BRIEF:
The whole listing, exactly as given: write it out, leaving out each image.

DATASET EXTRACT:

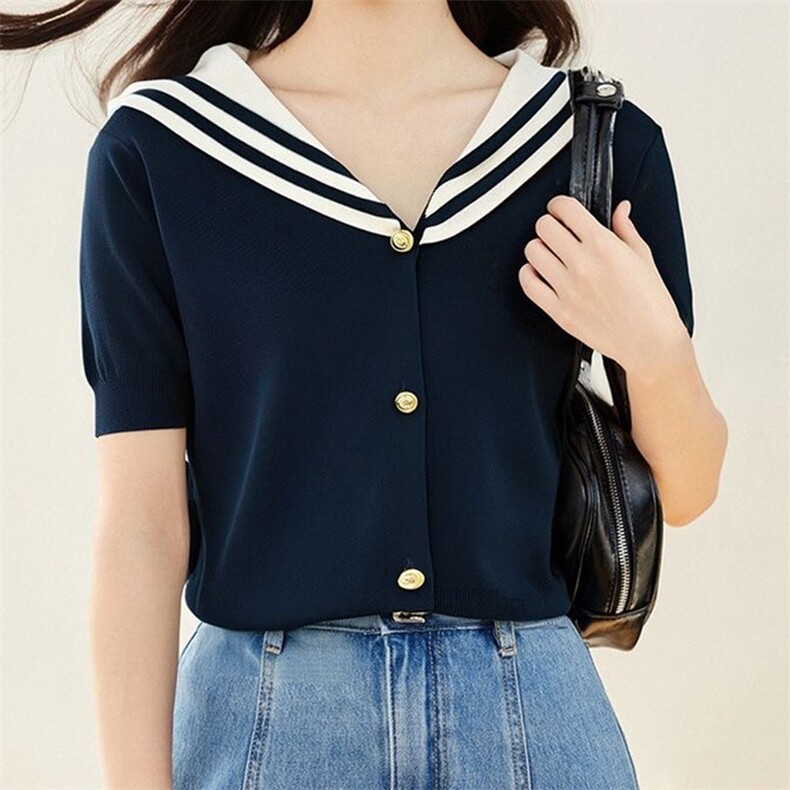 夏季新款时尚海军领冰丝亚麻短袖开衫修身显瘦百搭休闲上衣，女装针织衫/毛衣，暖姿羊绒
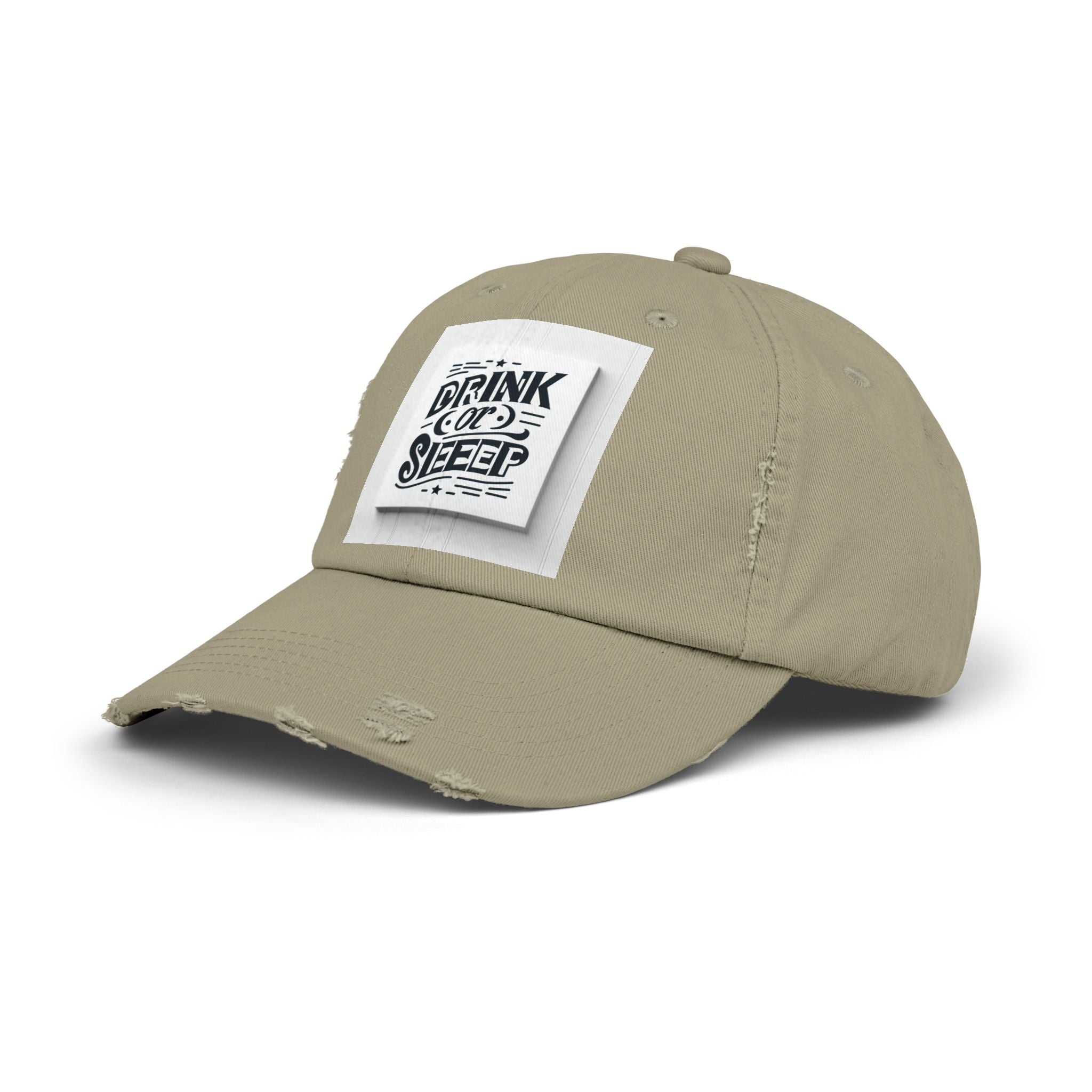 Unisex Distressed Cap with Drink or Sleep Design, Casual Hat for Relaxation, Gift for Coffee Lovers, Perfect for Festivals, Summer Outings
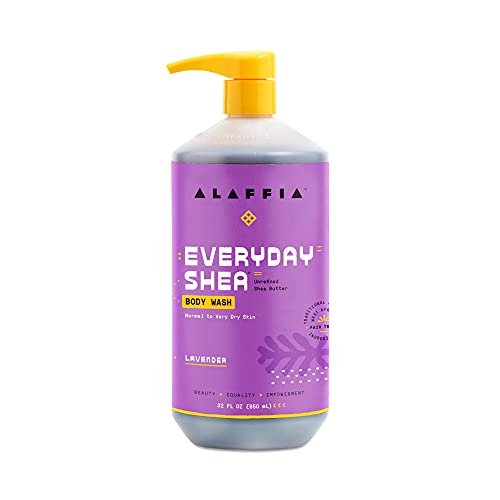 Alaffia EveryDay Shea Körperwaschmittel – Feuchtigkeitsspendend & Reinigend mit Sheabutter, Neem & Kokosöl, Fair Trade, Lavendel, 946 ml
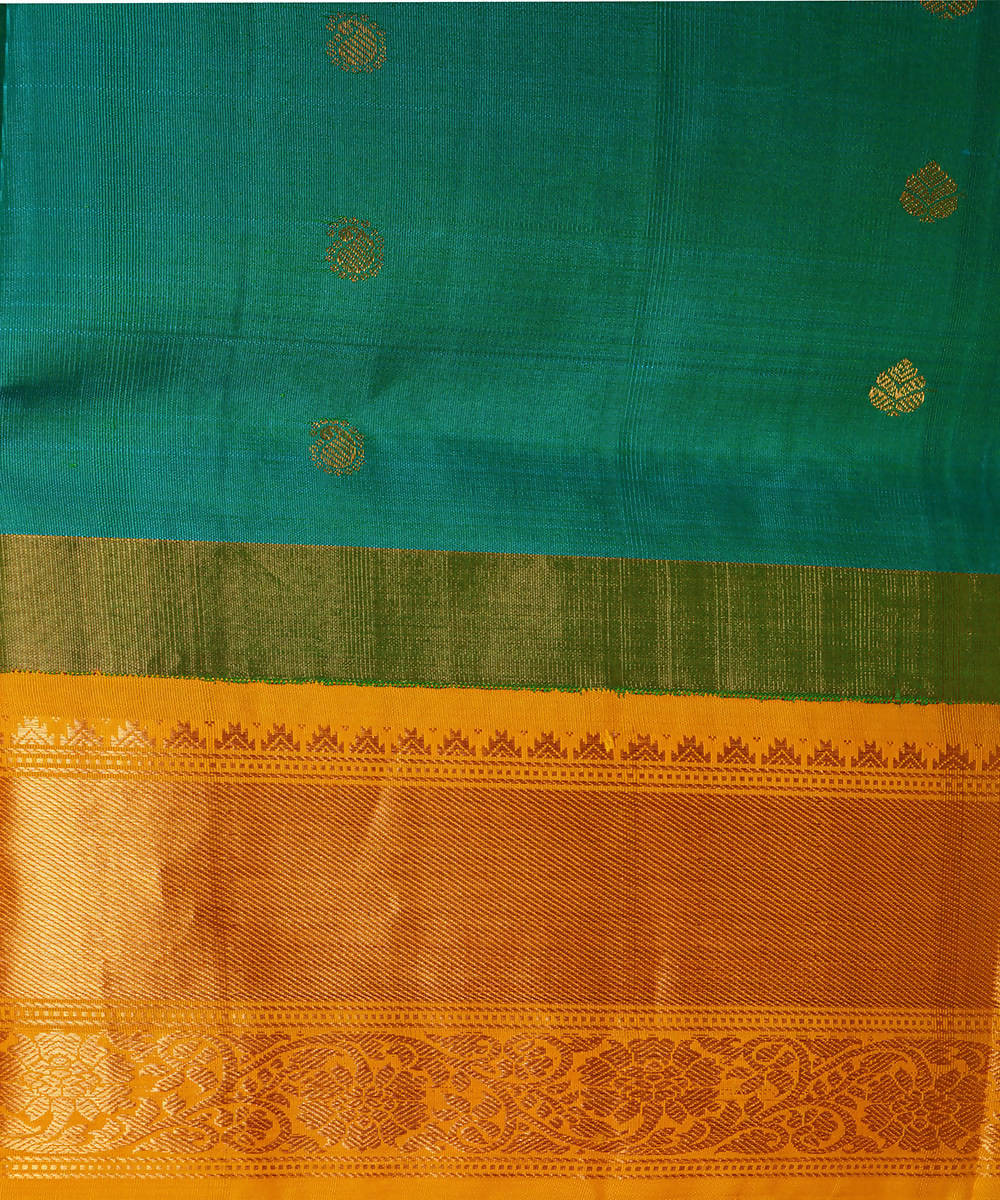 Cyan green yellow handwoven silk gadwal saree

TASK RESULT:
 夏季新款时尚海军领冰丝亚麻短袖开衫修身显瘦百搭休闲上衣，女装针织衫/毛衣，暖姿羊绒
 Unisex Distressed Cap with Drink or Sleep Design, Casual Hat for Relaxation, Gift for Coffee Lovers, Perfect for Festivals, Summer Outings
 Alaffia EveryDay Shea Körperwaschmittel – Feuchtigkeitsspendend & Reinigend mit Sheabutter, Neem & Kokosöl, Fair Trade, Lavendel, 946 ml
 Cyan green yellow handwoven silk gadwal saree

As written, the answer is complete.